Padre René Voillaume 
il nostro fondatore

“La promozione umana è parte costitutiva della missione di evangelizzazione.

Con essa vogliamo manifestare l’amore misericordioso del Signore nella solidarietà con i poveri.

Nei luoghi in cui viviamo, ci uniamo agli sforzi di un popolo per “mettersi in piedi”, cioè per ritrovare la propria dignità.”
(Costituzioni libro II, 32.5 del libro I)

“Prendiamo sempre più coscienza della necessità di agire in collaborazione con altre persone o associazioni che lavorano per costruire un mondo di pace, più giusto e solidale. […] Ci sentiamo d’investire in processi educativi che tengano conto della formazione integrale delle persone, della dimensione umana e de quella spirituale. Contemporaneamente, ci impegniamo per uno sviluppo duraturo dei popoli: collaboriamo a promuovere microprogetti dove i poveri siano attori della propria liberazione , appoggiamo le iniziative di commercio solidale, favoriamo il lavoro comunitario e la partecipazione di tutti.” ( Capitolo 2007)

 

«Portami a scuola ! mi diceva una fragile voce di bambino facendo scivolare la sua manina nella mia, sorprendendomi così nel mio camminare veloce verso la parrocchia, una mattina come tante altre. Sì, qual è quel bambino o quel giovane che non vorrebbe portare una bella divisa e varcare cosi la soglia di una scuola ?

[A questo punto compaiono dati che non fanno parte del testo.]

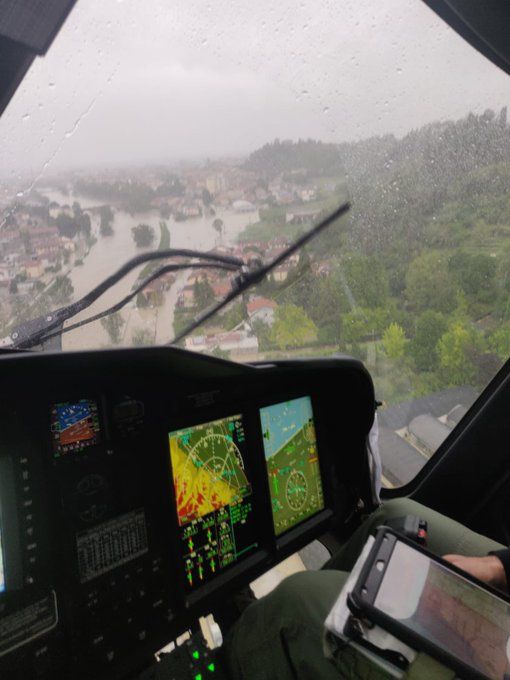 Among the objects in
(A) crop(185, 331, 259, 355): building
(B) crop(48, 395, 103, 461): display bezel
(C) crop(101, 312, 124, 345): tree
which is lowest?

I genitori si sentono combattuti fra la convinzione che la scuola è un bene per i loro figli e l’impossibilità economica a farsene carico. Allora calcolano, cercano e ricercano come e dove trovare i soldi necessari… E’ in questa situazione e su richiesta delle famiglie che abbiamo sostenuto la scuola parrocchiale “La Fraternita”.»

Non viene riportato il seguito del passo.